Regarding worries about weight loss drugs, Hershey’s management disclosed in a quarterly earnings call that sales haven’t felt any significant impact from GLP-1 agonists. These concerns appear more exaggerated than substantive at the moment.
Hershey Remains a High-Quality and Resilient Business
It’s a fundamental investment principle: Don’t let stock prices alone dictate your view of a company’s value. Market prices fluctuate, but strong businesses tend to thrive over time.
Hershey is not just about chocolate and candy; it’s a business fortified by decades of consistent performance. From household names like Reese’s and Twizzlers to snacks such as Skinny Pop, Hershey products have a special place in American culture, appealing to consumers year-round.
With a return on invested capital averaging over 21% in recent years, Hershey not only brings in profits but does so efficiently. Their cash flow generation further proves this: for every revenue dollar, $0.15 to $0.20 is converted into free cash flow annually. This means that even modest growth can translate into substantial shareholder value, thanks to Hershey’s operational efficiency.
Over the years, Hershey’s stock performance has been impressive, outpacing the S&P 500 index historically with a return exceeding 4,200% since 1989, despite its recent downturn. The current challenges likely aren’t reflective of the business’s fundamental strength, signaling that a rebound could return it to past glory.

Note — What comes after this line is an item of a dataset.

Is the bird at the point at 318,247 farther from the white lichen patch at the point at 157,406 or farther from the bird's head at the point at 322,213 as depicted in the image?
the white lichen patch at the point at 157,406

A Value Opportunity in Disguise
While Hershey maintains its commitment to dividends—raising them annually for 15 years now—financially supporting these dividends will be a bit tighter than in recent years based on 2025 earnings forecasts. Still, it’s crucial to note that Hershey’s dividend yield rarely reaches current levels:
Image Caption: HSY Dividend Yield data by YCharts
Seeing the dividend yield as high as it is highlights Hershey’s present appeal as a cheaper stock. Nevertheless, the increased yield points to the elevated risks Hershey now faces. The key takeaway for investors is to assess whether they believe these challenges are temporary and will eventually resolve.
If confidence prevails, Hershey could potentially offer great investment returns as it aligns back with historical performance norms. With anticipated relief in cocoa prices over time, the stock’s recovery seems plausible. For now, Hershey stands as a valuable but wounded blue-chip, potentially rewarding for those who include it in a balanced portfolio.